Boys with severe haemophilia usually present early in infancy. Individuals with mild to moderate haemophilia may not present until adulthood.

  • Mild: excessive bleeding after surgery, dental extractions and accidents
  • Moderate: bleeding into joints and muscle after minor injury
  • Severe: spontaneous bleeding into joints and muscles

Bleeding into a joint can cause tightness and joint pain. The joint may be hot and swollen and difficult to move. Recurrent bleeding into joints without treatment can lead to long standing joint problems. Minor bumps to the head can lead to bleeding in the brain which may have serious complications.
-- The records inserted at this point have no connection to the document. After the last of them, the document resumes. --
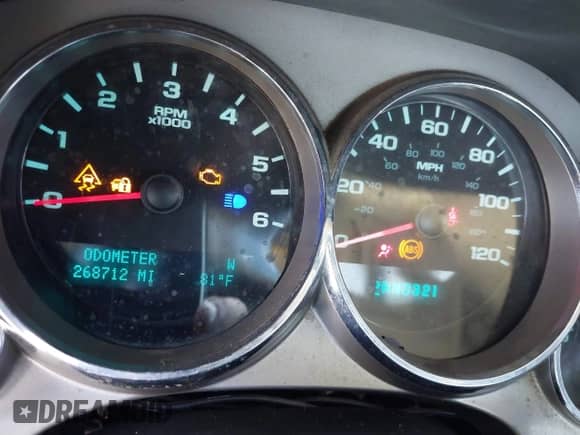 2011 Chevrolet Silverado 1500 LT с VIN 1GCNCSEA8BZ400302, выставлен на аукционе IAAI как лот 43371262 с пробегом 268 712 миль миль и . История ставок и продаж доступна на DreamBid. Изображение 7.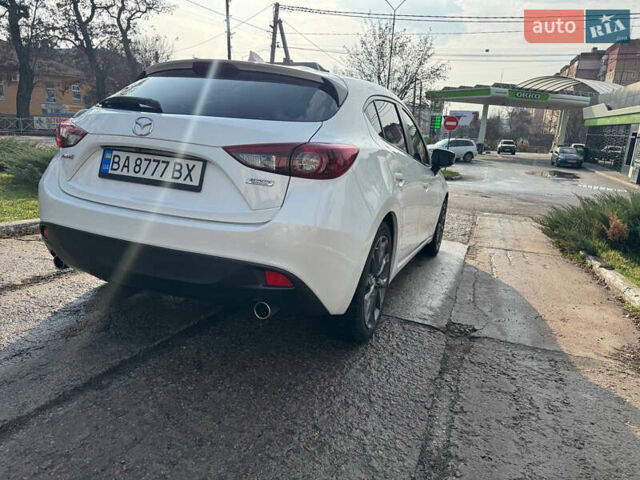 Білий Мазда 3, об'ємом двигуна 2.5 л та пробігом 132 тис. км за 11600 $, фото 3 на Automoto.ua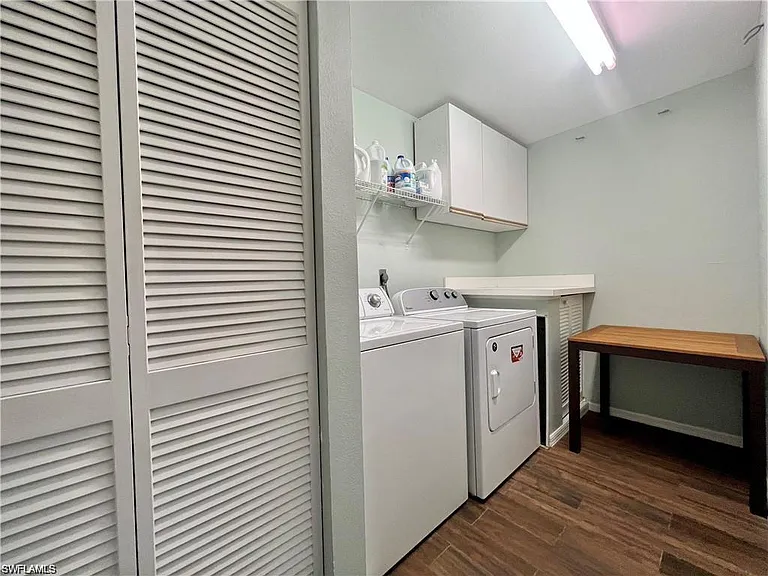 1120 Sarah Jean Cir #B-205 — Photo 32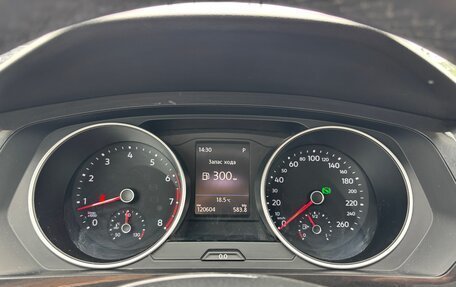 Volkswagen Tiguan II, 2018 год, 2 085 000 рублей, 18 фотография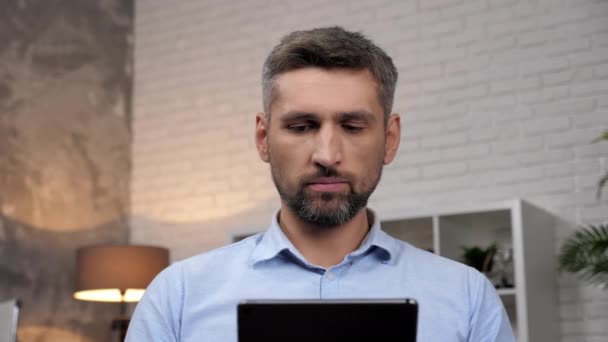 Close up man stock makléř vypadá tablet analyzuje nabídky na burze — Stock video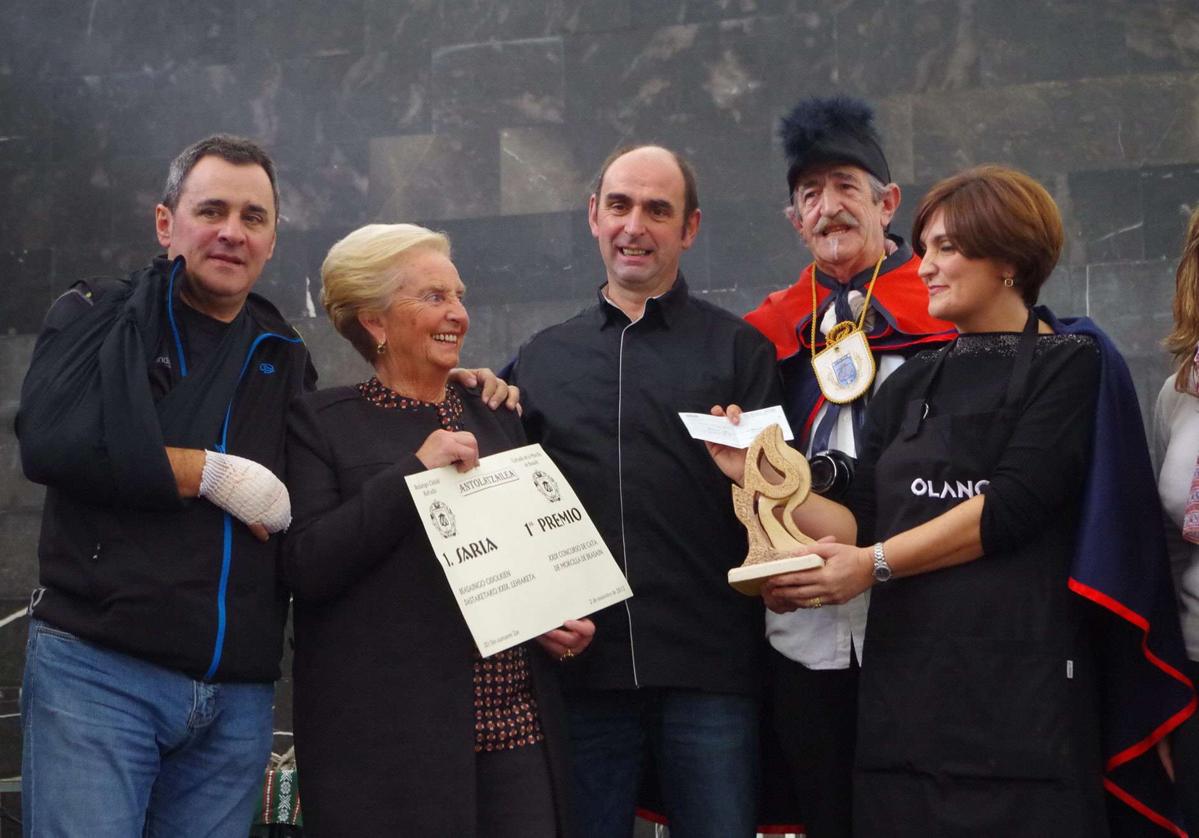 La beasaindarra, sonriente y elegante como era habitual en ella, recibe junto a su hijo uno de los muchos premios que han recibido los Olano.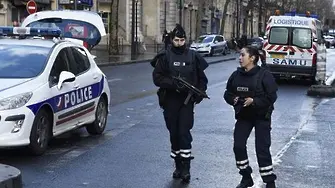 Стрелба близо до джамия в Париж
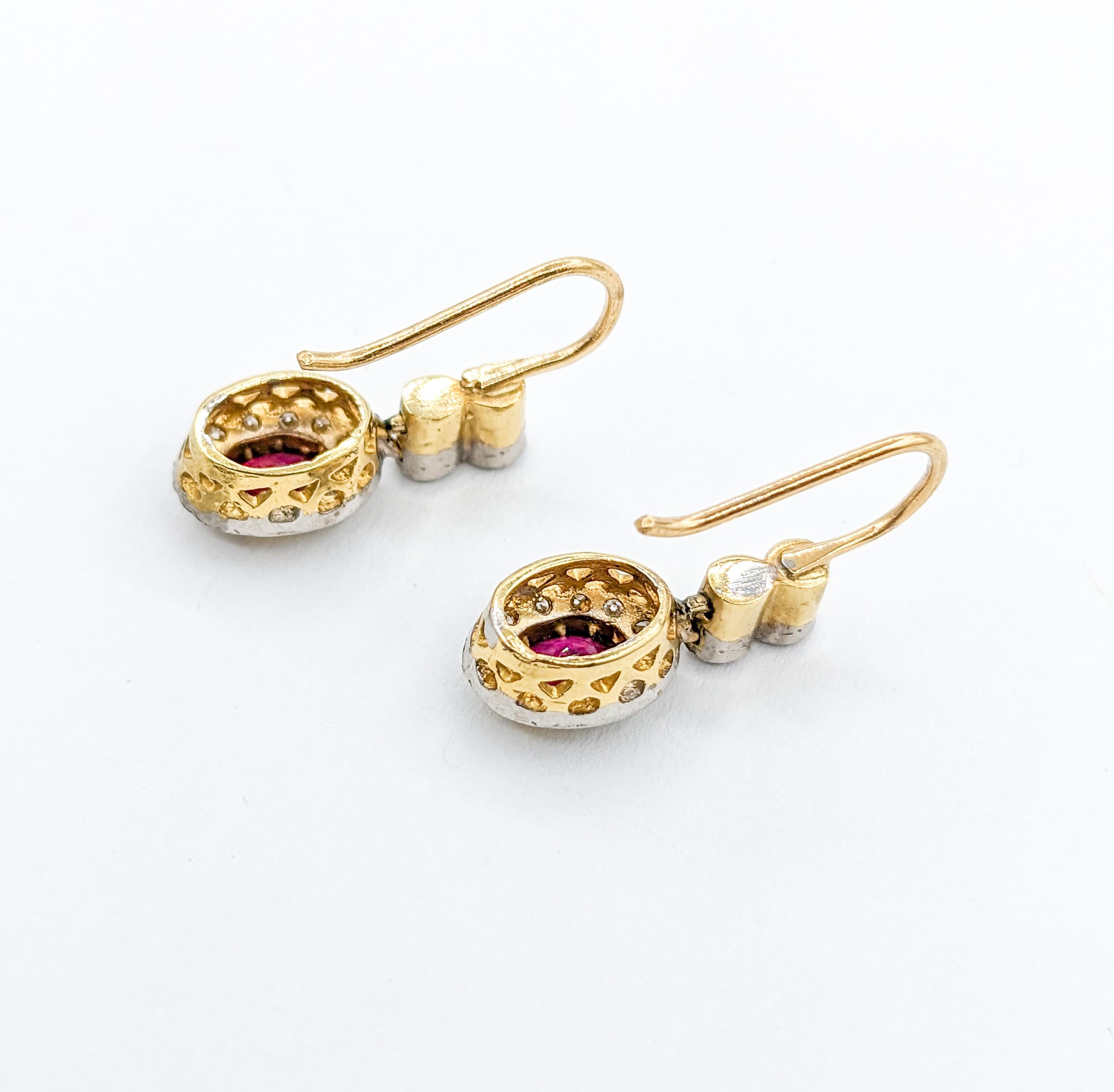 Anmutige 18k Rubin & Diamant zweifarbige Ohrringe mit Haken

Erhöhen Sie Ihre Eleganz mit unseren exquisiten Ohrringen, die sorgfältig aus 18 Karat Weiß- und Gelbgold gefertigt sind. Diese bezaubernden Ohrringe sind mit runden Diamanten von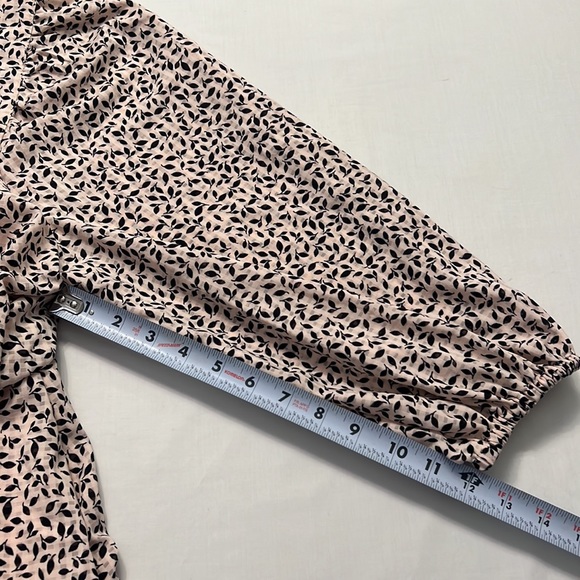 D12- NWT Who What Wear Bishop Pink Black Leaves Ruffles Dress Size Small - Picture 8 of 14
  • Haemophilia may be suspected in a male with a history of easy bruising or bleeding, or because of a family history of haemophilia. The diagnosis will usually be made in liaison with a haematologist.
  • Abnormalities can be detected on a routine blood clotting screen that may prompt further investigations. The diagnosis can be confirmed by measuring the levels of clotting factor in the blood. Individuals with haemophilia A will have reduced levels of clotting factor VIII. In haemophilia B the levels of clotting factor IX are reduced. The levels of clotting factor correspond to the severity of the disease.
  • As the genes responsibile for haemophilia are known, molecular genetic testing can be used to identify the alteration in a family if appropriate.

Genetic basis

  • Haemophilia is an X-linked recessive condition. This means that the gene alteration causing haemophilia is located on the X chromosome. Females have two copies of the X chromosome and males have one X chromosome and one Y chromosome.
  • If a male has an altered haemophilia gene on his X chromosome, then he will be affected with haemophilia. If a woman has an altered haemophilia gene on only one of her X chromosomes, then she is said to be a carrier. Some girls who are carriers of haemophilia may have slightly reduced factor levels, which predispose to minor bleeding.
  • If a female carrier of haemophilia has a boy, there is a 50% (1 in 2) chance that the boy will have haemophilia.
  • If a female carrier has a girl, there is a 50% (1 in 2) chance that the girl will be a carrier for haemophilia.
  • When men affected with haemophilia have children, all of their daughters will inherit the altered gene on the X chromosome and so will be carriers. Men do not pass on their X chromosome to their sons. Therefore, their sons will not be affected and will not be carriers.

Clinical management

  • Individuals with haemophilia should be managed at a specialist haemophilia centre.
  • The main aim of treatment is to try to prevent bleeding, pain and joint damage. This is achieved by replacing the missing clotting factor. Clotting factor concentrate needs to be given by intravenous injection.
  • Some individuals with moderate or severe haemophilia will be given prophylactic clotting factor on a regular basis to try to prevent bleeding. Treatment can also be given ‘on demand’, such as before surgical procedures or after injury has occurred.
  • In the UK all patients with haemophilia are entitled to receive artificial factor concentrates that are free from human plasma and therefore do not carry a risk of passing on blood-borne infections.

Genetic testing

  • Genetic testing can be used to confirm the diagnosis of haemophilia.
  • Carrier testing can be carried out for female relatives if the gene mutation is first identified in the affected individual. This is especially helpful, as measuring clotting factors is not always reliable in identifying female carriers.
  • Prenatal diagnosis can be considered for pregnancies at risk of severe haemophilia.
  • Males who are at risk of haemophilia can be tested at birth on cord blood to help guide further management.
  • A proportion of patients with haemophilia will produce antibodies (inhibitors) to the administered clotting factor, which can reduce their response to treatment. Information about the type of gene mutation can sometimes provide information about whether inhibitors are likely to be produced.


This information is intended for educational use and was current in August 2013. For clinical management, it is recommended that local guidelines and protocols are used.